SRA data from guinea pig and human datasets was quality and adapter trimmed using Trimmomatic v0.3.2  with default settings plus a head crop of 10 and minimum read length of 30. Trimmed reads were merged using BBMerge (https://sourceforge.net/projects/bbmap/). Assembly was performed either per individual run (human) or pooled (guinea pig) using CLC Genomics Workbench v8.5.1 (QIAGEN, Aarhus, Denmark) either using default settings (human) or using a word size of 30 and a bubble size of 1000 (guinea pig). Minimum contig length was 500. Scaffolding was performed during assembly, and reads were mapped back to contigs with default settings. Gap filling was performed on assemblies from human datasets using Abyss-sealer  with default settings. Mapping of reads to final assemblies was performed using BamM v1.5.1 (http://ecogenomics.github.io/BamM/) with default settings.
Population genomes were obtained either from previous studies  or de novo from metagenomic datasets using GroopM v0.2 (, mouse) or MetaBAT v0.25.4 (, human, guinea pig). Phylogenetic analysis and estimation of contamination and completeness of recovered genomes was performed using CheckM v1.0.3 , which utilizes a set of single-copy marker genes. “Ca. Homeothermaceae” genomes were refined by removing contigs with incongruent coverage profiles as identified by RefineM v0.0.3 (https://github.com/dparks1134/RefineM). Gap filling was performed on these assemblies using FinishM v0.0.6 (https://github.com/wwood/finishm). Reads mapping to each genome were extracted from a complete assembly mapping (incorporating refined genomes and additional unrefined genomes as the reference) using BamM v1.5.1 (http://ecogenomics.github.io/BamM/) then remapped to each individual genome using CLC Genomics Workbench v8.5.1 (QIAGEN, Aarhus, Denmark) with default settings. These mappings were used for manual investigation of specific genomic features.
A maximum-likelihood tree of “Ca. Homeothermaceae” population genomes in the context of the order Bacteroidales was generated based on an alignment of 120 concatenated single-copy, bacterial-specific, marker genes implemented within an in-house pipeline. Marker genes from 300 Bacteroidales and 37 Sphingobacteriales (outgroup) genomes were obtained from publicly available genomes within the NCBI database and aligned using Mafft v7.221 . A maximum-likelihood tree was inferred using FastTree v2.1.7  under the WAG + GAMMA model based on alignment positions containing a residue within ≥90 % of sequences (36,713 positions). Bootstrap support was derived from 100 replicates.

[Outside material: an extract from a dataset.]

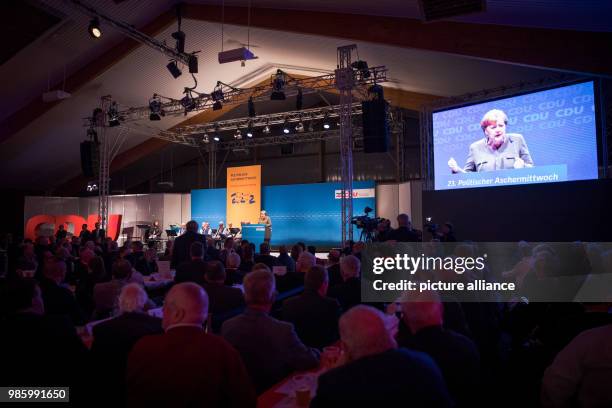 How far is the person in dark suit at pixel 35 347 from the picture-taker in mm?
1962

Individual gene trees were generated using FastTree v2.1.7  implemented within Mingle v0.0.15 (https://github.com/Ecogenomics/mingle) utilizing the BLAST  workflow, identifying homologs within the IMG database . Default Mingle settings used for all genes except for oxalyl-CoA decarboxylase where percent identity was increased to 40 % due to an alignment length of <100 amino acids with default settings. Bootstrap support was derived from 100 replicates, also implemented within Mingle. Phylogenetic diversity scores for susC and susD gene trees were calculated using the picante R package . All trees were visually inspected using ARB v6.0.2 .

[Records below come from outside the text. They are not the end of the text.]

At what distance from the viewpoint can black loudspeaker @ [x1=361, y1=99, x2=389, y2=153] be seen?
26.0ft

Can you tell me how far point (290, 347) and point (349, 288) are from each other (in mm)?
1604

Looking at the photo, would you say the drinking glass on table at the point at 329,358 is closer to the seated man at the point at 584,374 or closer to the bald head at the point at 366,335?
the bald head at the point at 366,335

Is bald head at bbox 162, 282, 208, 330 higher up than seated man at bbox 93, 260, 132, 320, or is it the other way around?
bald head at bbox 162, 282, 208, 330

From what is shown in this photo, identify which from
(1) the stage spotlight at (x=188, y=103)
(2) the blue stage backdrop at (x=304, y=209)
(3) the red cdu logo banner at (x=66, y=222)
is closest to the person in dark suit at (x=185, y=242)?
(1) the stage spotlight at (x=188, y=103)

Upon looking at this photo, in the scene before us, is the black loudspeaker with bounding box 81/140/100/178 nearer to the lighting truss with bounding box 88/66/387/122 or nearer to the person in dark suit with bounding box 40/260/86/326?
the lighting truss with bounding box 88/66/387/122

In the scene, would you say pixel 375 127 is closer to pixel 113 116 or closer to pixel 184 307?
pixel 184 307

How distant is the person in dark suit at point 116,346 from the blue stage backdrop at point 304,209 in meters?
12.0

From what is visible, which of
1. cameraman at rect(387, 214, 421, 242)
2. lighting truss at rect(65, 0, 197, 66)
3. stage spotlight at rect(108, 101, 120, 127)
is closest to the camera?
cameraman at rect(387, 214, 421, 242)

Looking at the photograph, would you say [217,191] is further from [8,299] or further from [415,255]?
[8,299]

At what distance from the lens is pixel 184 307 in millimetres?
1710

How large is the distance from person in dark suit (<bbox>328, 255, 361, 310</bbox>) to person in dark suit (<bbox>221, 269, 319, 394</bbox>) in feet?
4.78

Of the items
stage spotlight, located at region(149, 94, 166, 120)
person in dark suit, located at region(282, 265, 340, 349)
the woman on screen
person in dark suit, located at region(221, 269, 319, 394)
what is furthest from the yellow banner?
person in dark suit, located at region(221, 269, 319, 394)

Genome annotation and core metabolic analysis
Genomes were annotated using Prokka v1.11 . All subsequent gene-based analysis was performed using the output of this annotation process. Orthologous proteins within each genome were identified using Proteinortho v5.11 . Average nucleotide identity was calculated using the Goris method  implemented in calculate_ani.py (available at: https://github.com/widdowquinn/scripts/blob/master/bioinformatics/calculate_ani.py). Average amino acid identity between each genome pair was calculated using CompareM v0.0.5 (https://github.com/dparks1134/CompareM). Protein families were identified using pfam_scan.pl against the Pfam database release 28  employing HMMER v3.1b2 . Archetypal cell envelope families as per Albertsen et al.  were used for predicting cell structure. TIGRFAMs were identified using hmmscan from HMMER v3.1b2  against database release 15.0 (downloaded from ftp://ftp.jcvi.org/pub/data/TIGRFAMs/). Antibiotic resistance genes were predicted using the Resfams database .
Kyoto Encyclopedia of Genes and Genomes (KEGG) term annotation was performed using KAAS  and KEGG maps in combination with RAST , KBase (http://kbase.us/), and Pathway Tools v19.0 , and curated gene lists  were used to elucidate the general metabolic profile of “Ca. Homeothermaceae.” Clusters of Orthologous Groups (COG) profiles were identified using BLASTP v2.2.30+  against 2014 update of the 2003 COG database downloaded from NCBI (http://www.ncbi.nlm.nih.gov/COG/, last accessed July 2015) with e-value cutoff of 1e-6.
Carbohydrate-active enzymes (CAZy) were identified using hmmscan from HMMER v3.1b2  against the dbCAN database v4 . Percentage abundance of each CAZy category was assessed against the total number of genes with CAZy annotation within each genome. Signal peptide sequences within CAZy annotated genes were predicted using SignalP v4.1  and LipoP v1.0  with a margin cutoff of 4 for LipoP. Prediction of membrane positioning was based on the presence of a transmembrane domain (SignalP) or a type II signal peptide (LipoP).
Differential abundance comparisons
Differential abundance of annotated features (COG, KO, CAZy) was analyzed using DESeq2 R package  based on count data. Heatmaps were generated using pheatmap  following variance stabilizing normalization of data by DESeq2. Indicator annotations were identified using the labdsv R package . PCA plots were created using the vegan R package .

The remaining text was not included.